Cinq agents de la SUGE, la brigade de la sûreté ferroviaire de la SNCF, ont été placés en garde à vue après cette intervention rarissime, une procédure toutefois classique pour les besoins de l'enquête. Trois d'entre eux ont été laissés libres jeudi, tandis que deux autres étaient toujours entendus jeudi en début de soirée par les enquêteurs, a indiqué à l'AFP une source proche du dossier.

Une autopsie doit être pratiquée vendredi sur le corps de cet homme de nationalité haïtienne de 36 ans, de "type marginal" et dont le casier judiciaire comporte une quinzaine de mentions notamment pour violences. Il s'agira notamment de faire des analyses toxicologiques.

Mercredi vers 15h45, l'individu a d'abord brandi une arme blanche envers des voyageurs qui attendaient leur train sur le quai de la gare d'Ermont-Eaubonne, en région parisienne. 

Il a été poursuivi par les agents à l'extérieur de la gare, selon une source policière. Il a ensuite croisé un groupe de 11 enfants de primaire et deux accompagnateurs, à proximité d'un centre de loisirs. Le trentenaire s'est montré "extrêmement menaçant" envers le groupe, ce qui a poussé les agents à intervenir, selon la SNCF.

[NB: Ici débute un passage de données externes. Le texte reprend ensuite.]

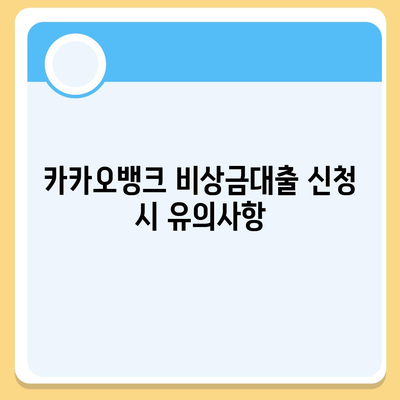 카카오뱅크 pc버전 비상금대출신청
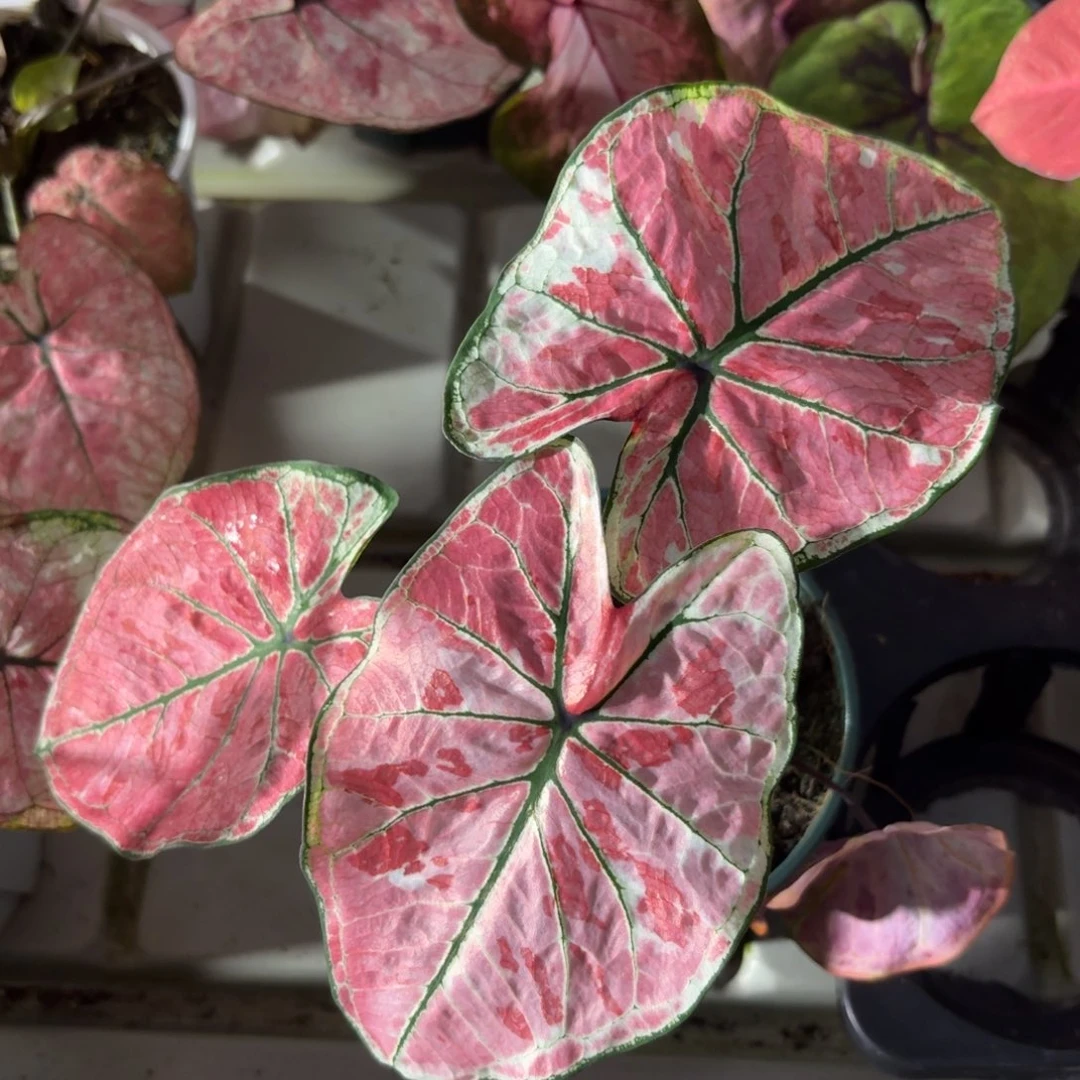 雅哈哈泰国彩叶芋17-1222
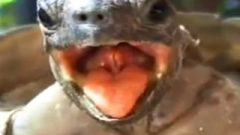 Inviting Inviting Turtle Porn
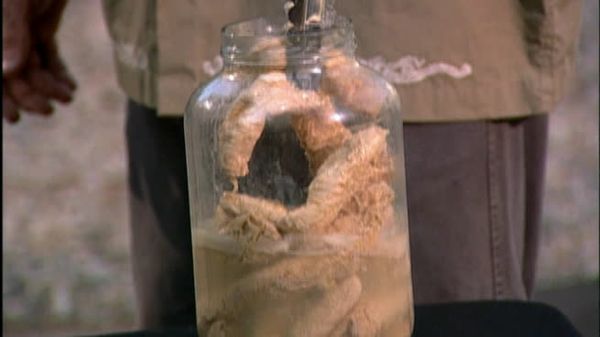 Fear Factor - Season 2 Clip Show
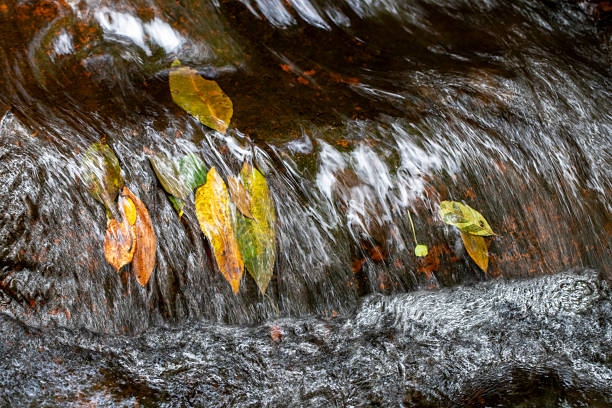 Leaves flowing over waterfall, Hacking River; Royal National Park Sydney Australia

"Il a touché des enfants" mais pas avec son couteau, ne faisant aucun blessé, a indiqué une source proche de l'enquête. "Il a dit 'tuez-moi ou je vais en tuer un'. On est passé à deux, trois secondes de la catastrophe". Les enquêteurs vont également exploiter des images de vidéosurveillance.

Mercredi soir, une vidéo amateur diffusée sur les réseaux sociaux montrait l'homme véhément proche des enfants, avant d'être abattu. Visé par cinq tirs et atteint par quatre, il est décédé peu après les faits. 

Dans des communiqués distincts, les syndicats FO et UNSA Ferroviaire ont apporté leur "soutien plein et entier" aux agents impliqués, saluant leur "professionnalisme".